**Exercise instructions:**
All entries must be extracted exactly, with nothing added or dropped.

┌──

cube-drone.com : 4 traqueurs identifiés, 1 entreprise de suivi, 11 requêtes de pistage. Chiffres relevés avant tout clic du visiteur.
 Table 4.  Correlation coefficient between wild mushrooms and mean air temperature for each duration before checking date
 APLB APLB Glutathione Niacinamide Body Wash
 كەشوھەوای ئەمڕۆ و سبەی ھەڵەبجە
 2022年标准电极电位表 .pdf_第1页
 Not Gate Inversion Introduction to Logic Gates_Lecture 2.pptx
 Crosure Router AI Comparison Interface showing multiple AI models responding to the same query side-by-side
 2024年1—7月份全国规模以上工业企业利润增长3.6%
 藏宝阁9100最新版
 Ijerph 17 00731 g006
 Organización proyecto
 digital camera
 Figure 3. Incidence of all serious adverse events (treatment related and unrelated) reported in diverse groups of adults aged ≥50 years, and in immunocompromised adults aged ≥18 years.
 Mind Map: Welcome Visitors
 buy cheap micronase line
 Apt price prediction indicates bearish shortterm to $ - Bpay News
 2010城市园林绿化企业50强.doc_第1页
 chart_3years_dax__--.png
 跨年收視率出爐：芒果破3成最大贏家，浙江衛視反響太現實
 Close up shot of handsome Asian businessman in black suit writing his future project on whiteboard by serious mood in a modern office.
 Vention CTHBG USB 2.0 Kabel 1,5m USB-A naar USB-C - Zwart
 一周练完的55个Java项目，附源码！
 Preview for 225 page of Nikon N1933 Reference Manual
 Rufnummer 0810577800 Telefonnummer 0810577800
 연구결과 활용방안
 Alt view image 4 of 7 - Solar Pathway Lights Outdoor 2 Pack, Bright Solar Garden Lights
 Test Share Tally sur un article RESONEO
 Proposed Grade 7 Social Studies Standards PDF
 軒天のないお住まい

└──

**Answer section:**
cube-drone.com : 4 traqueurs identifiés, 1 entreprise de suivi, 11 requêtes de pistage. Chiffres relevés avant tout clic du visiteur.
 Table 4.  Correlation coefficient between wild mushrooms and mean air temperature for each duration before checking date
 APLB APLB Glutathione Niacinamide Body Wash
 كەشوھەوای ئەمڕۆ و سبەی ھەڵەبجە
 2022年标准电极电位表 .pdf_第1页
 Not Gate Inversion Introduction to Logic Gates_Lecture 2.pptx
 Crosure Router AI Comparison Interface showing multiple AI models responding to the same query side-by-side
 2024年1—7月份全国规模以上工业企业利润增长3.6%
 藏宝阁9100最新版
 Ijerph 17 00731 g006
 Organización proyecto
 digital camera
 Figure 3. Incidence of all serious adverse events (treatment related and unrelated) reported in diverse groups of adults aged ≥50 years, and in immunocompromised adults aged ≥18 years.
 Mind Map: Welcome Visitors
 buy cheap micronase line
 Apt price prediction indicates bearish shortterm to $ - Bpay News
 2010城市园林绿化企业50强.doc_第1页
 chart_3years_dax__--.png
 跨年收視率出爐：芒果破3成最大贏家，浙江衛視反響太現實
 Close up shot of handsome Asian businessman in black suit writing his future project on whiteboard by serious mood in a modern office.
 Vention CTHBG USB 2.0 Kabel 1,5m USB-A naar USB-C - Zwart
 一周练完的55个Java项目，附源码！
 Preview for 225 page of Nikon N1933 Reference Manual
 Rufnummer 0810577800 Telefonnummer 0810577800
 연구결과 활용방안
 Alt view image 4 of 7 - Solar Pathway Lights Outdoor 2 Pack, Bright Solar Garden Lights
 Test Share Tally sur un article RESONEO
 Proposed Grade 7 Social Studies Standards PDF
 軒天のないお住まい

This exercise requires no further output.